The standard specifies the following mandatory DSC functions:
1. Antenna System Design: The VHF DSC antenna is typically a quarter-wave or half-wave vertical dipole mounted at least 2 metres above the highest superstructure. The standard requires that the VSWR at 156.525 MHz (Channel 70) be less than 1.5:1. A dual-function antenna splitter (for combined voice and DSC) must maintain at least 40 dB isolation between the transmitter output and the DSC receiver input to prevent desensitisation.
2. Environmental Testing: Maritime VHF radios must withstand salt fog, vibration (2-5 Hz at 1 mm amplitude, 5-50 Hz at 0.5g), and temperature extremes (-15 °C to +55 °C). The standard requires that the equipment meet performance specifications after exposure to 2 hours of salt fog spray per IEC 60068-2-52. Connectors must be IPX6-rated (protected against powerful water jets) or higher.

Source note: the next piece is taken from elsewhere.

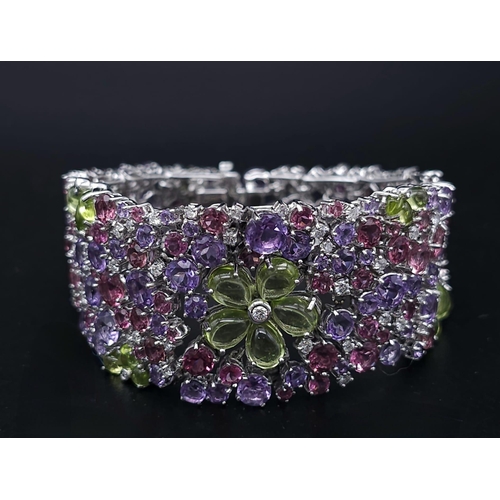 934 - A STUNNING DIAMOND AND MULTI GEMSTONE BRACELET SET IN 18K WHITE GOLD  .APPROX 17cms    52gms   01116...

3. MMSI Programming: The Maritime Mobile Service Identity (MMSI) number is the digital address of the vessel in the DSC system. IEC 62238 requires that the MMSI be programmable only via an internal connection (not from the front panel) to prevent unauthorised changes. The MMSI must be stored in non-volatile memory with a minimum retention period of 10 years. Equipment that ships without a programmed MMSI must display a warning message on every power-up until the MMSI is configured.